At this time it appears that the investment objective of capital growth will
not be attained and that investors will not receive a return of all their
invested capital.  The extent to which invested capital is returned to
investors is dependent upon the performance of Registrant's remaining
properties and the markets in which such properties are located and on the
sales price of the remaining properties.  In this regard, some or all of the
remaining properties have been held longer than originally expected.  The
ability to hold and operate these properties is dependent on Registrant's
ability to obtain financing, refinancing or debt modification as required.

Real Estate Market

The national real estate market suffered from the effects of the real estate
recession including, but not limited to, a downward trend in market values of
existing properties.  In addition, the bailout of the savings and loan
associations and sales of foreclosed properties by auction reduced market
values and caused a further restriction on the ability to obtain credit. 
These factors caused a decline in market property values and served to reduce
market rental rates and/or sales prices.  Management believes, however, that
the emergence of new institutional purchasers, including real estate
investment trusts and insurance companies, relatively low interest rates and
the improved economy, have created a more favorable market for Registrant's
properties.


                                   9 of 14


           CENTURY PROPERTIES FUND XIV - FORM 10-Q - JUNE 30, 1995
                                  

Item 2.  Management's Discussion and Analysis of
         Financial Condition and Results of Operations.

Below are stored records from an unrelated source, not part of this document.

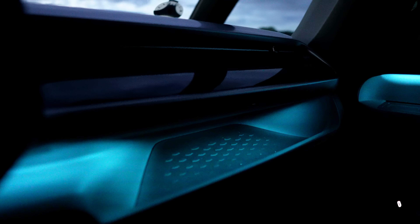This car even has RGB. That must be one of the most important features.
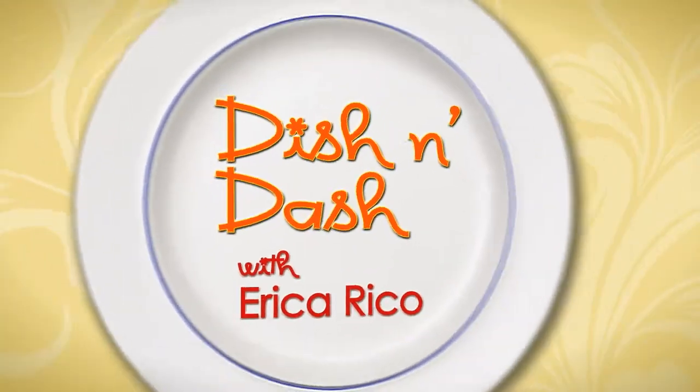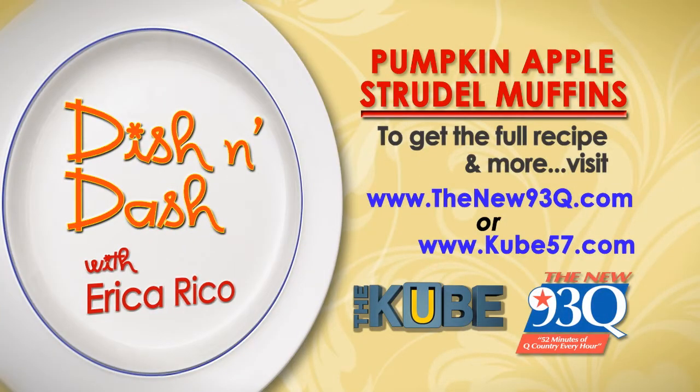If you want the full recipe, go to thenew93q.com or q57.com. I gave her one first because she's expecting.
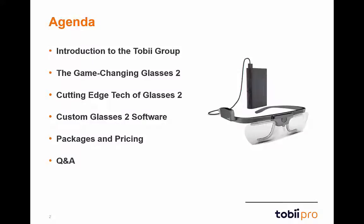Welcome everyone to the Tobii Glasses 2 webinar. Thank you all so much for joining today. We're going to start with a short introduction to the Tobii group, then move into the game-changing Glasses 2. We'll walk through the cutting-edge technology, examine the custom software, touch on the packaging and pricing, and finish with a question and answer session.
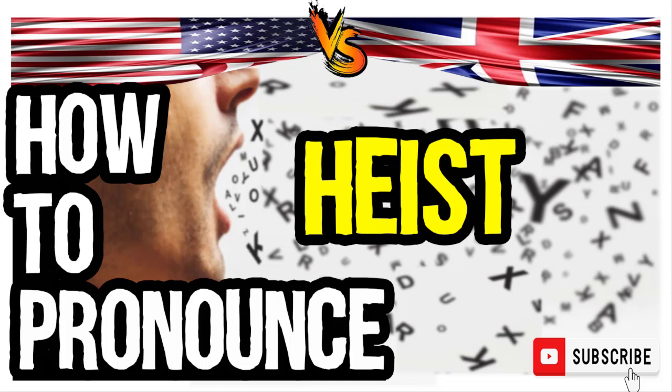In American English: heist. Heist. And in British English: heist. Heist.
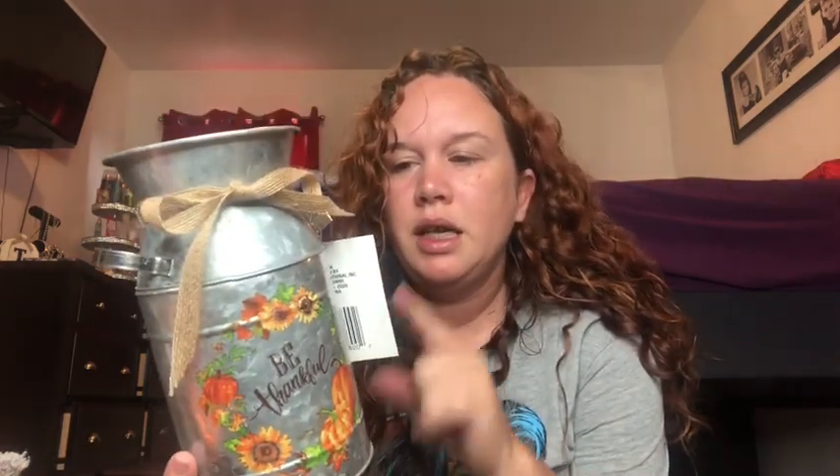I got this 'Be Thankful' tin from Dollar Tree — it's a Dollar Tree Plus item so it was $5. I'm thinking about putting flowers or some of the stuff I got in here. Very pretty, and if you want to use it for another season just turn it around.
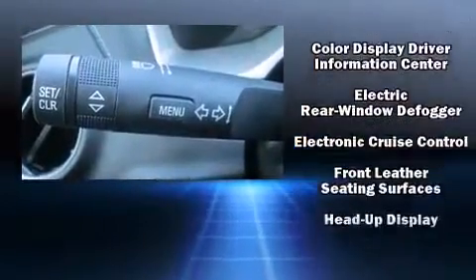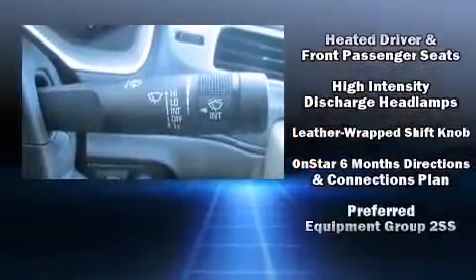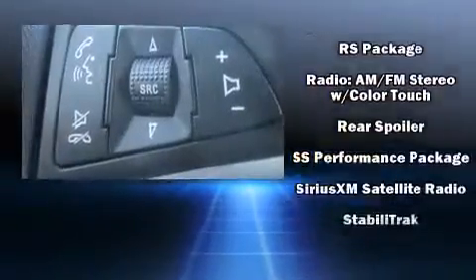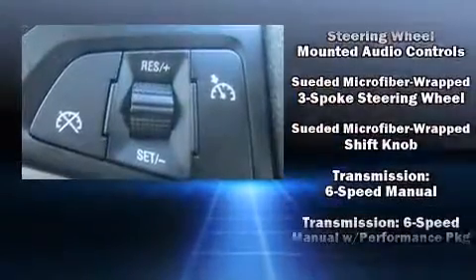With high-intensity discharge headlights illuminating your path, you'll always appreciate maximum visibility. Audio features include an AM-FM radio, steering wheel-mounted audio controls, and nine speakers, providing excellent sound throughout the cabin.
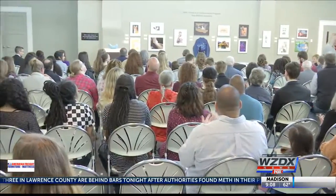Today, Congressman Mo Brooks presented Laura Mays as the winner of the congressional art competition.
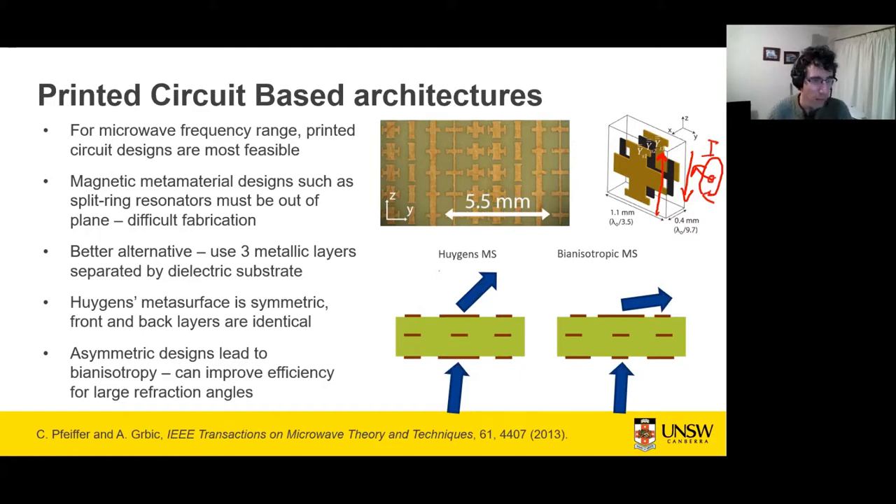To create a Huygens metasurface using this architecture, the front and back layers are identical, with an inner layer that differs. It is also possible to have front and back layers with different properties, leading to a bianisotropic structure, which can give higher efficiency at large refraction angles.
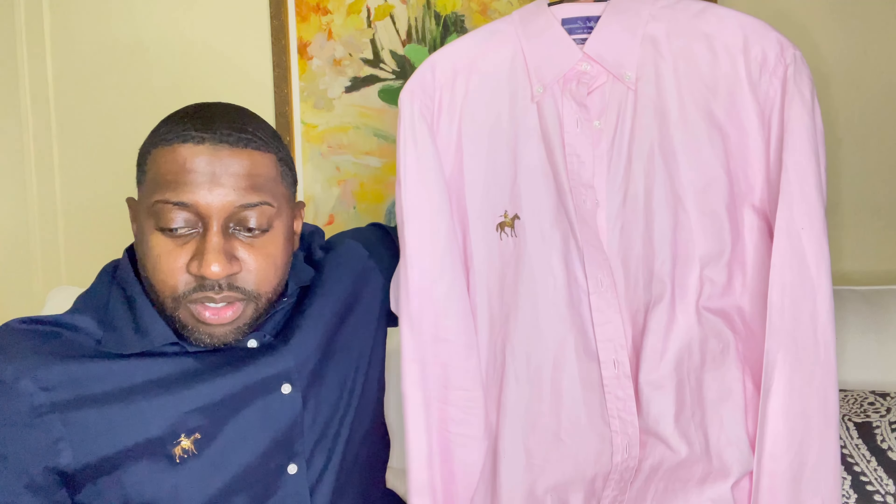I'll also be throwing on this navy blue belt — one of my favorite belts in the spring. I actually got this in Italy. Check out the styling of it — it's a very well made belt.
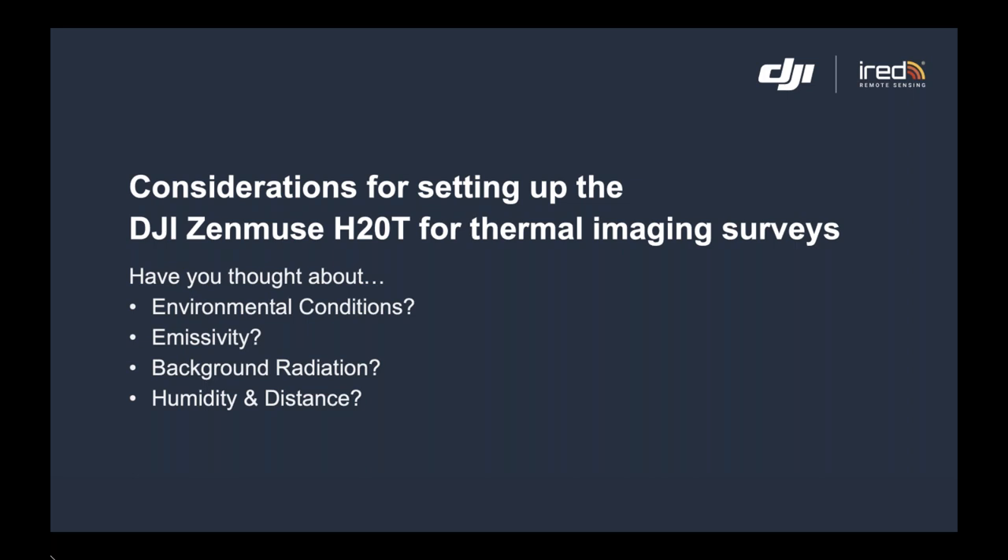If the survey is limited to something like search and rescue, it's much more immediate — you're interested in what you can see right now. But the purpose of this seminar is to introduce you to test and inspection, where we capture images and have a period of reflective consideration to analyze them and produce a report for our client. We need to think about environmental conditions: emissivity, background radiation, distance, humidity, and how we display results in terms of palette, level, range, and span.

Six Months Ended June 30, 1995 vs. June 30, 1994 

Operating results improved by $520,000 for the six months ended June 30, 1995,
as compared to 1994, due to an increase in revenues of $884,000, which was
partially offset by an increase in expenses of $364,000.

Revenues increased by $884,000 due to increases in rental income of $479,000
and interest and other income of $405,000.  Rental revenues increased due to
an increase in rental rates at Registrant's St. Charleston Village Apartments,
Sun River Apartments, Duck Creek Shopping Center and University Square
Shopping Center properties, which were slightly offset by a decrease in rental
rates at Registrant's Broadway Trade Center property.  In addition, occupancy
increased at Registrant's Broadway Trade Center, Gateway Park and University
Square Shopping Center properties, which were significantly offset by a
decrease in occupancy at Registrant's Wingren Plaza property.  Although
physical occupancy at Registrant's The Oaks Shopping Center property
decreased, Registrant was able to maintain rental revenue for the period due
to the receipt of a payment for the release of the assignor's guarantee from a
vacating tenant.  Occupancy remained relatively constant at Registrant's other
properties. Other income increased due to the net proceeds received from a
right of way settlement involving Registrant's University Square Shopping
Center property and proceeds received for the release of the assignor's
guarantee from a vacating tenant at Registrant's The Oaks Shopping Center
property, which were partially offset by a decrease in interest income due to
a decrease in average working capital reserves available for investment.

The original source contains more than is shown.